CSP uses mirrors to collect sunlight and convert it directly into electricity, meaning that no carbon emissions are produced as CO2 is emitted when fossil fuels such as coal are burnt.

4. Cleaner technology can be implemented in tandem with CSP

Although it will have some environmental impact due to the need for cooling towers, other forms of generation could be used (such as solar PV panels) alongside CSP to reduce overall carbon emissions even further by providing additional clean power sources.
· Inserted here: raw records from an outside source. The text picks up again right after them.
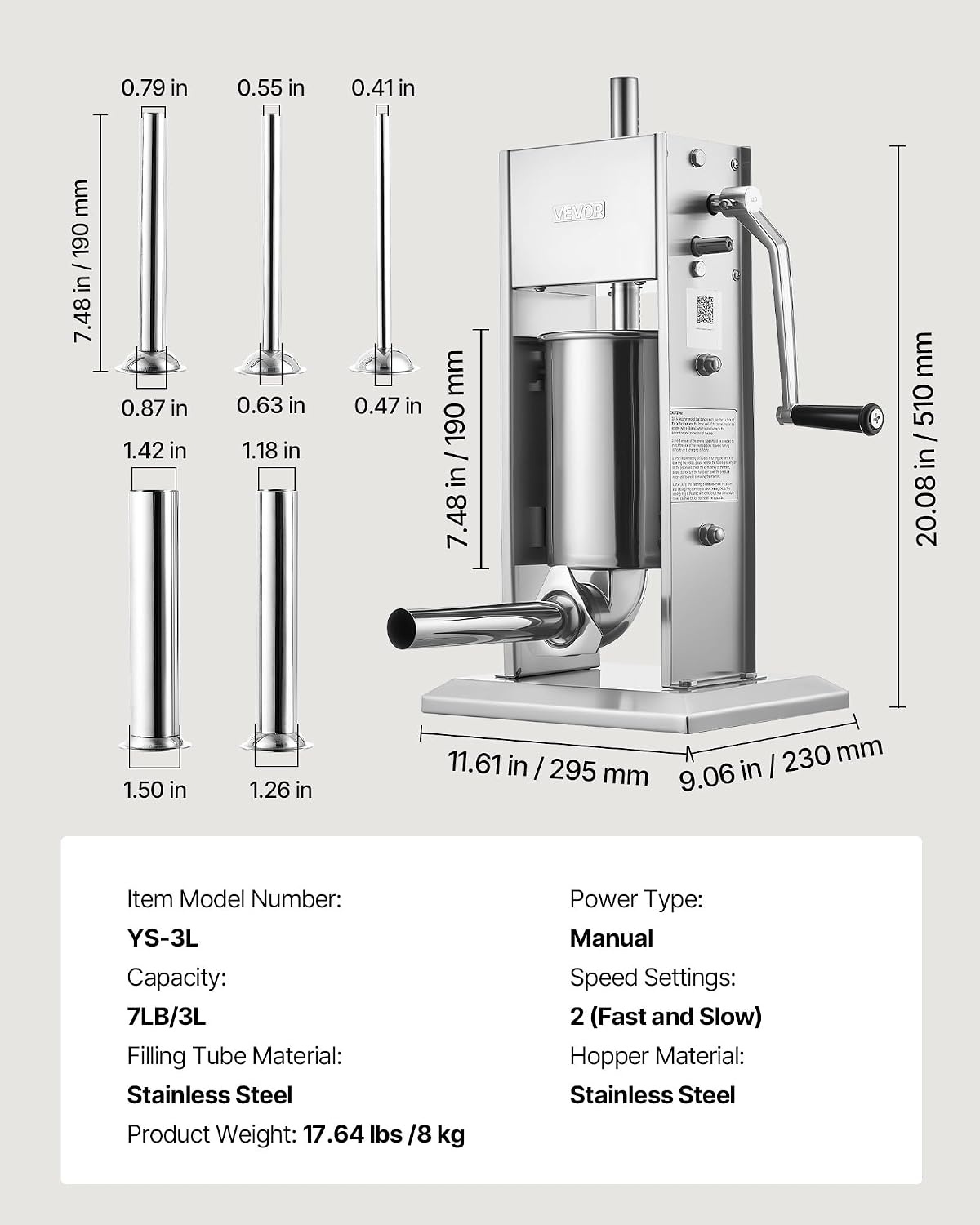 image:imageVEVOR Electric Sausage Stuffer 55 LBS 25 L Vertical Meat Stuffer Stepless Speed Control and Foot Pedal Stainless Steel Heavy Duty Sausage Filler with 5 Stuffing Tubes for Commercial amp Home Use7LBS3LNew
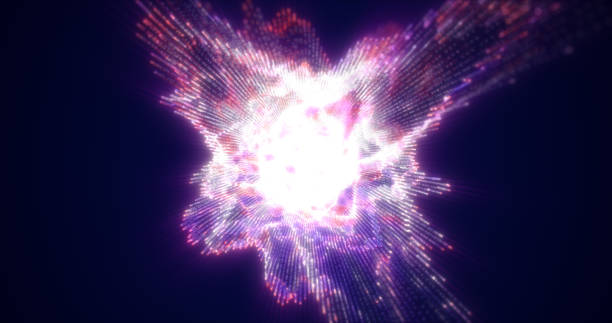 abstract glowing looped light hi-tech energy purple sphere atom clot of energy from lines and particles futuristic, abstract background - fantasy three dimensional three dimensional shape human nervous system photos et images de collection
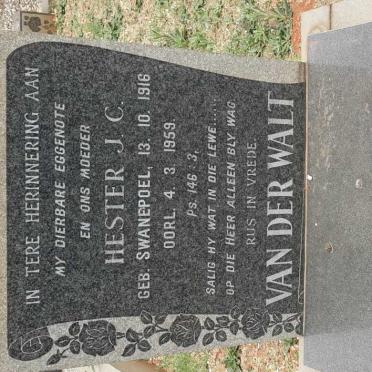 WALT Hester J.C., van der nee SWANEPOEL 1916-1959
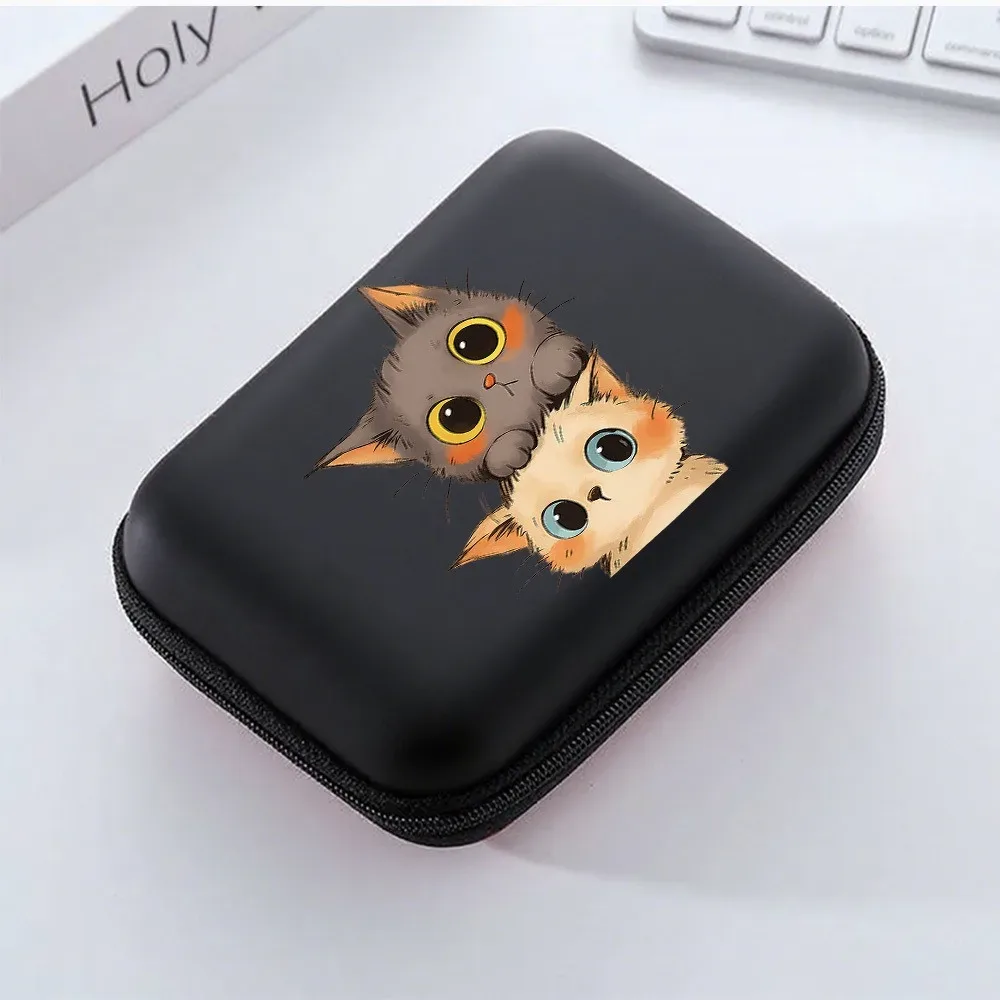 Étui de rangement de voyage en EVA pour écouteurs et câbles - Motif chats mignons - Image 1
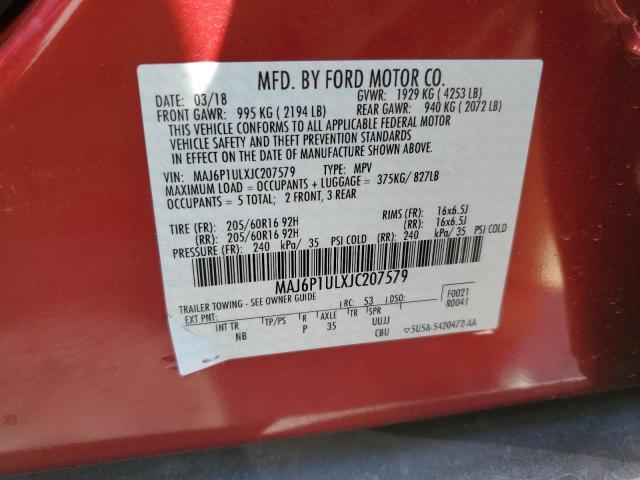 MAJ6P1ULXJC207579 - 2018 FORD ECOSPORT SE RED photo 13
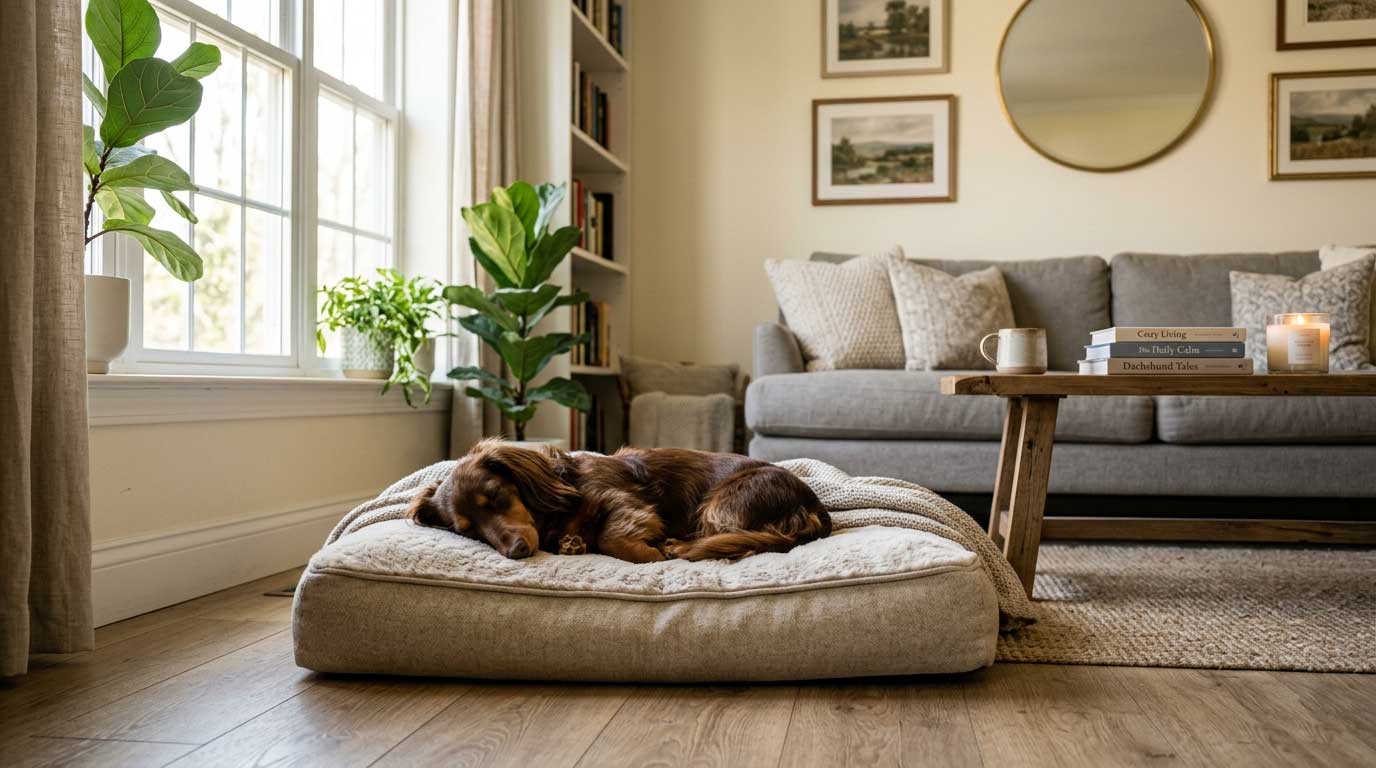 Rehoming a Dog When Retiring in SA 7 Small dog sleeping safely in a home environment, avoiding shelters.
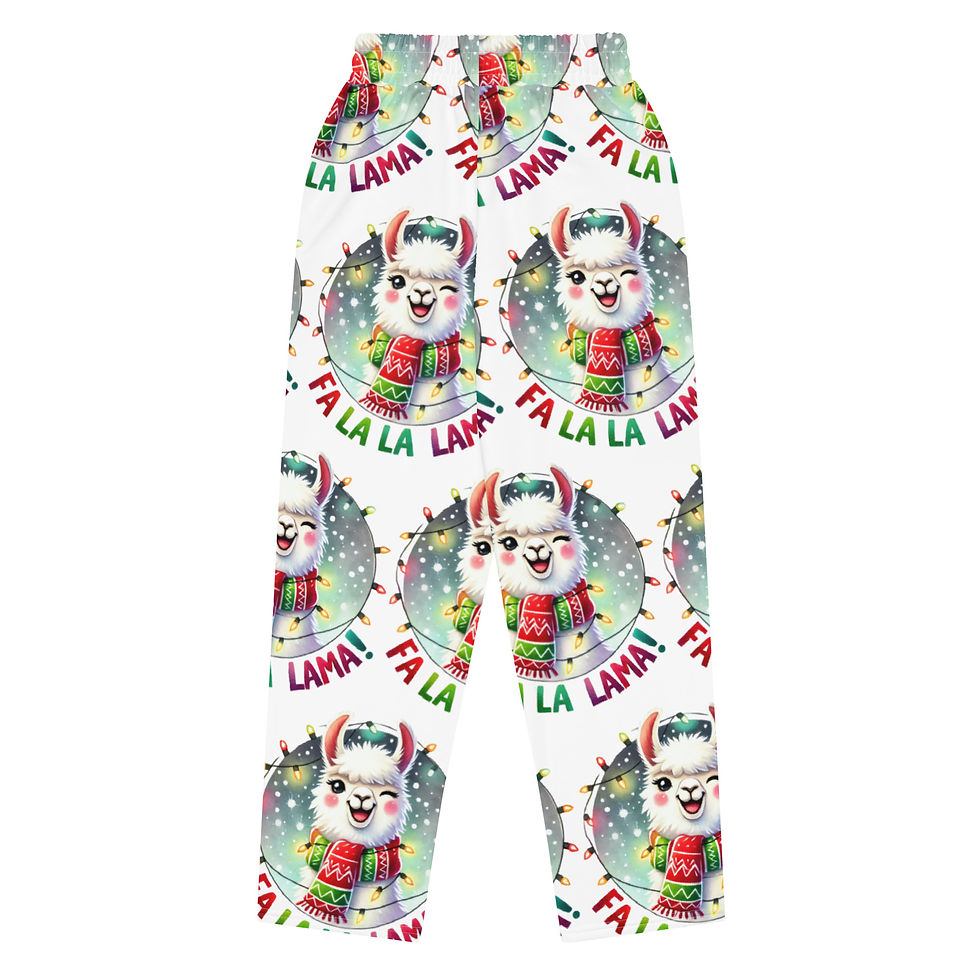 Llama Holiday. Wide-leg joggers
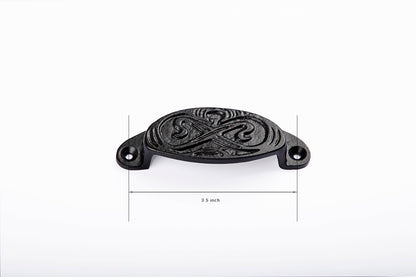 Cast Iron OVAL Drawer Cup Pull Handle Antique Black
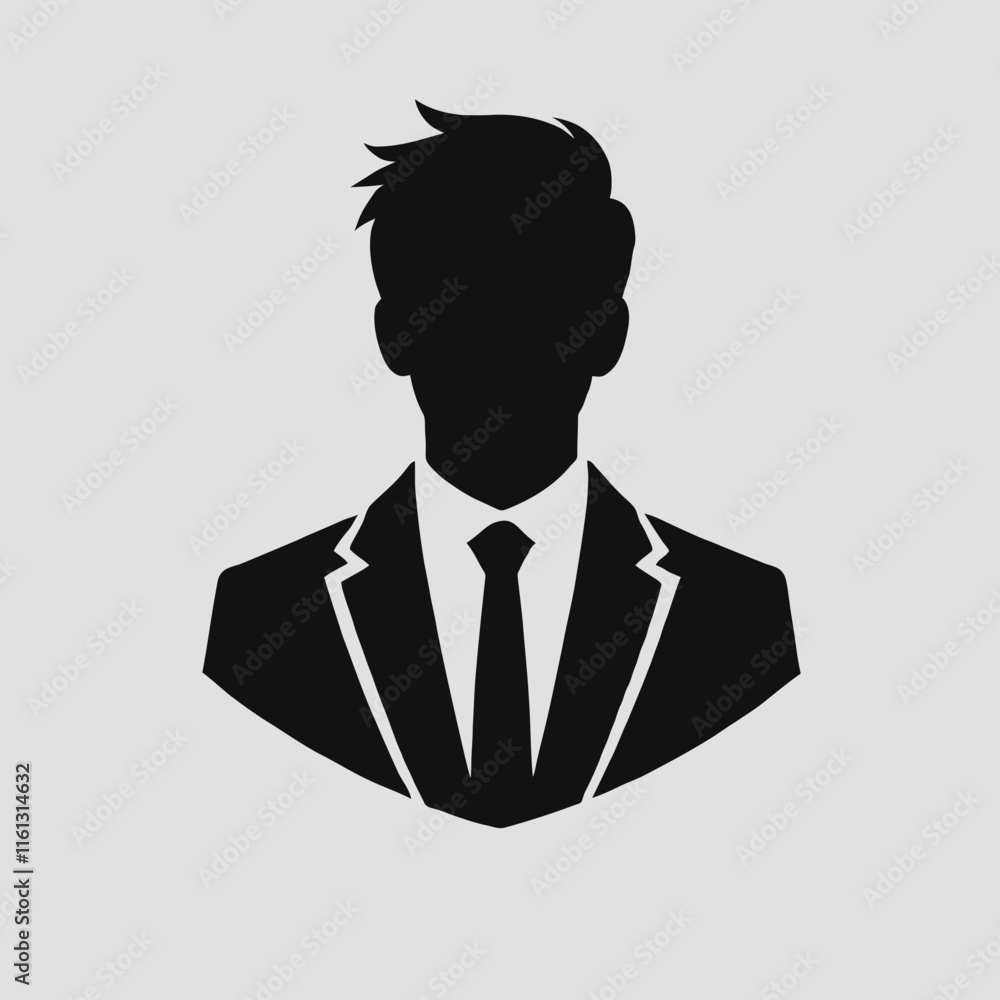 very simple flat and minimalist businessman silhouette in black color on a white background very simple flat and minimalist businessman silhouette in black color on a white background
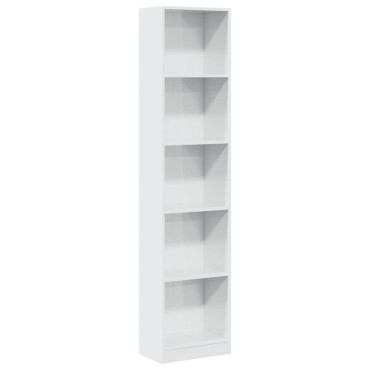 vidaXL Βιβλιοθήκη Γυαλιστερό Λευκό 40x24x176cm Επεξεργασμένο Ξύλο 1 τεμ.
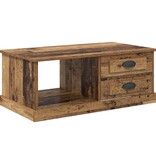 VidaXL Salontafel met lade Oud Hout 90 x 50 x 35 cm Bewerkt hout
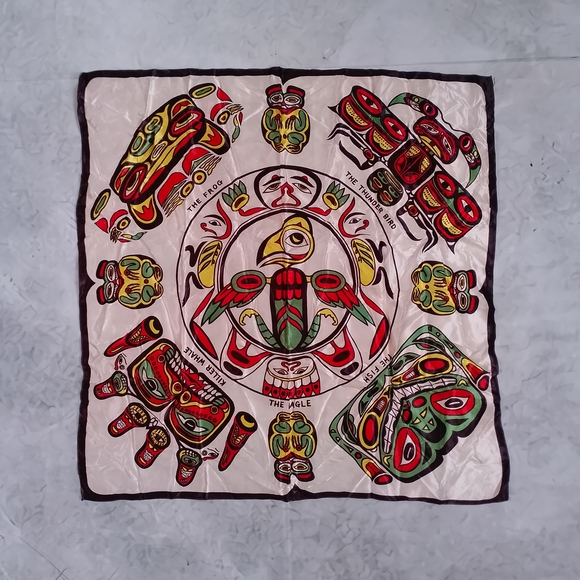 Vintage Accessories - Vintage Native Canadian Haida Art Scarf Thunderbird Frog Fish Eagle Whale SILK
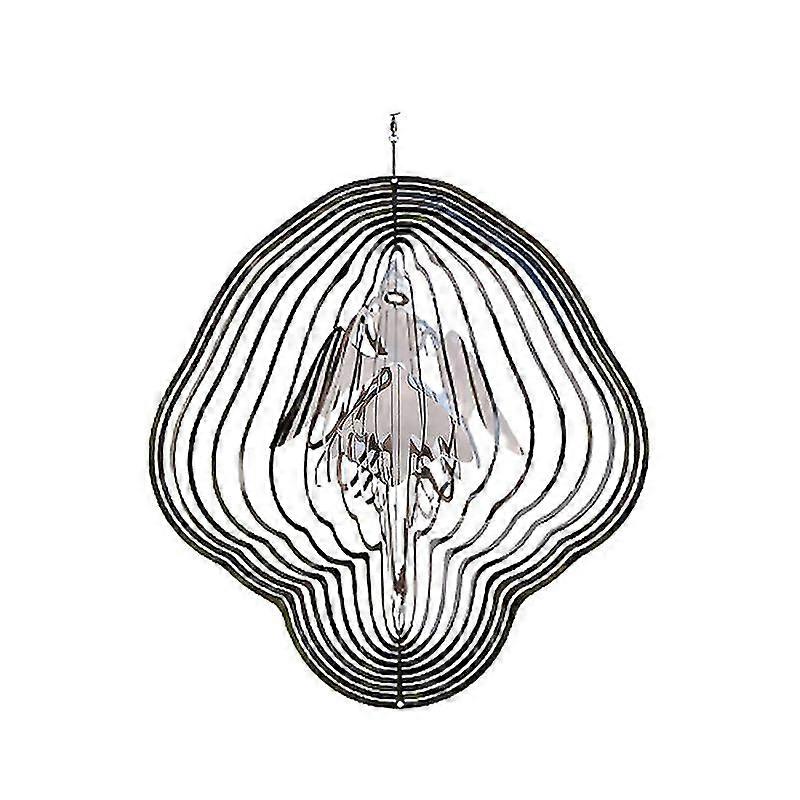 Beating Wind Spinner Heart Square Drop Shape 3d Metal Angel Wind Chimes Garden Balcony Mirror Rotating Decorative Pendant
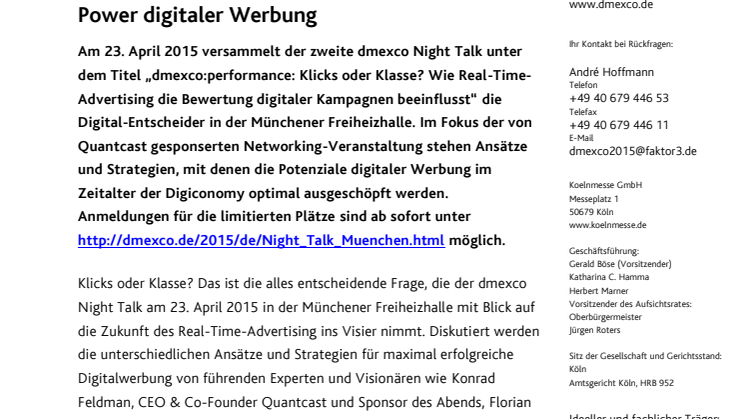 dmexco Night Talk München entfacht die volle Power digitaler Werbung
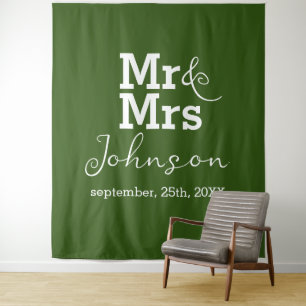 Elegant Minimalist Fern Green Wedding Backdrop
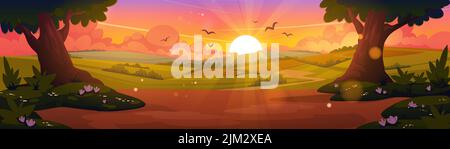 Paysage de la nature de dessin animé, forêt d'été soir fond panoramique avec arbres verts, fleurs roses et champ rural sous le ciel de crépuscule avec soleil brillant, paysage boisé, illustration vectorielle Illustration de Vecteur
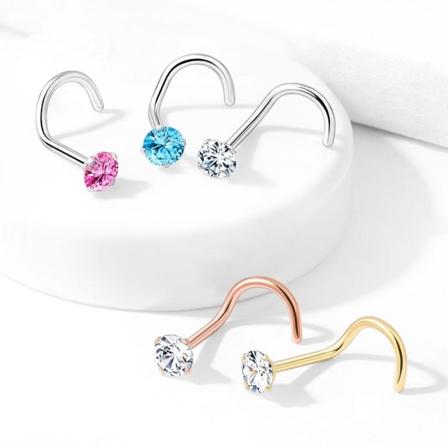 5 påskruede nesepiercinger i titanbelagt 316L stål med 2 mm CZ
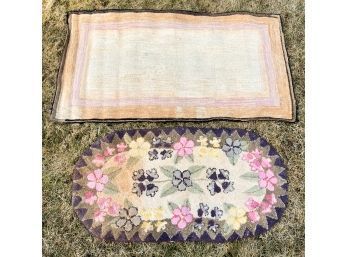 (2) HOOKED RUGS W/ GEOMETRIC AND FLORAL DESIGN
This means that combined wind and solar generators do not need to be used, as is the case with wind farms.

5. It will reduce expenditure on fossil fuels

Due to the government’s target of reducing its dependence on fossil fuels and increase renewable energy production, CSP could prove to be a more cost effective option than other forms of generation.

Once it is implemented, CSP plants will require little in the way of additional investment costs or ongoing maintenance fees.

Applications for concentrated solar power

The applications for concentrated solar power can be best understood by taking a look at the different technologies that are used to split water and produce hydrogen fuel.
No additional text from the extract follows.